_Exercise description_.
Using only the entries below, output the lines starting at the one containing "Building Lobby in" and ending at the one containing "Marco Schreyl, deutscher", exactly and inclusive of both, omitting the pictures.

===== Given entries

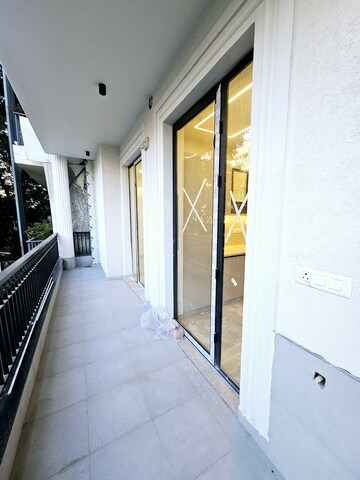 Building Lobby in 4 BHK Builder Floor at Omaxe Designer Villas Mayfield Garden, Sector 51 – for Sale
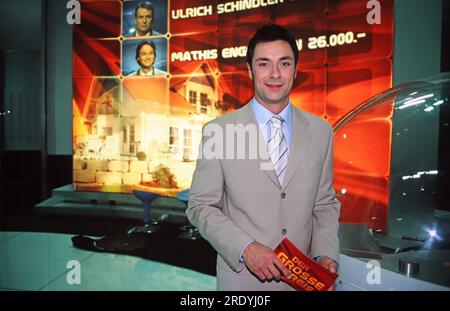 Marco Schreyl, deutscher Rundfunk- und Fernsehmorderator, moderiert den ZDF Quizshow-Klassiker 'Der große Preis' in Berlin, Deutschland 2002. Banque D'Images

==========
===== Given entries

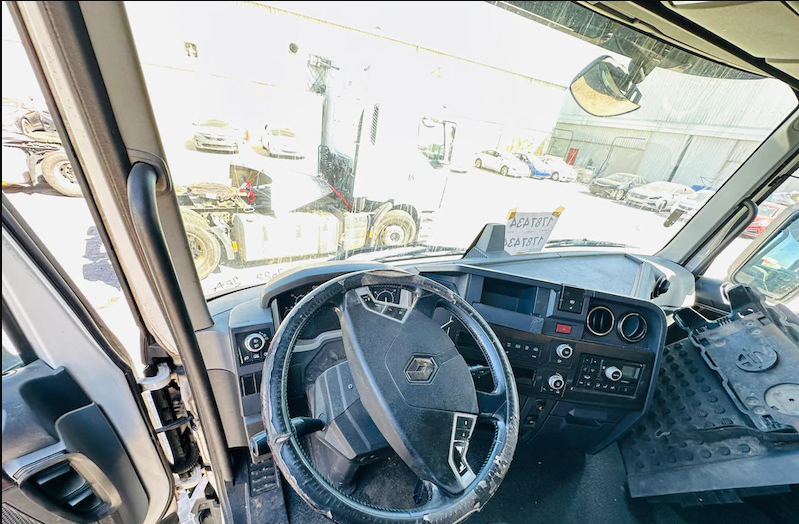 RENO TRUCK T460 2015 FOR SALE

==========
===== Given entries

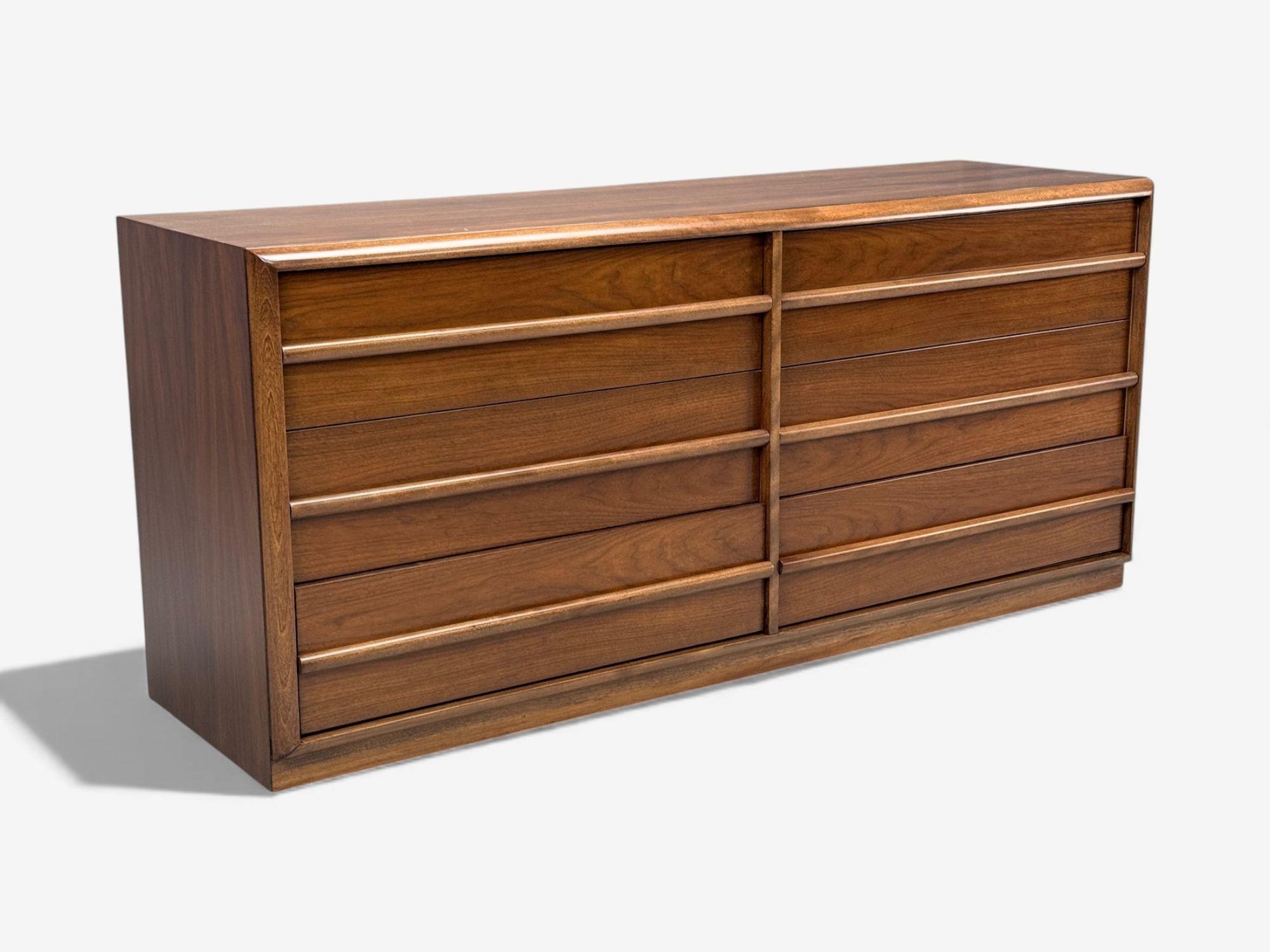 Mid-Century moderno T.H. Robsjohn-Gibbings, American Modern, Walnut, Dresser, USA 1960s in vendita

==========

_Answer section_.
 Building Lobby in 4 BHK Builder Floor at Omaxe Designer Villas Mayfield Garden, Sector 51 – for Sale
 Marco Schreyl, deutscher Rundfunk- und Fernsehmorderator, moderiert den ZDF Quizshow-Klassiker 'Der große Preis' in Berlin, Deutschland 2002. Banque D'Images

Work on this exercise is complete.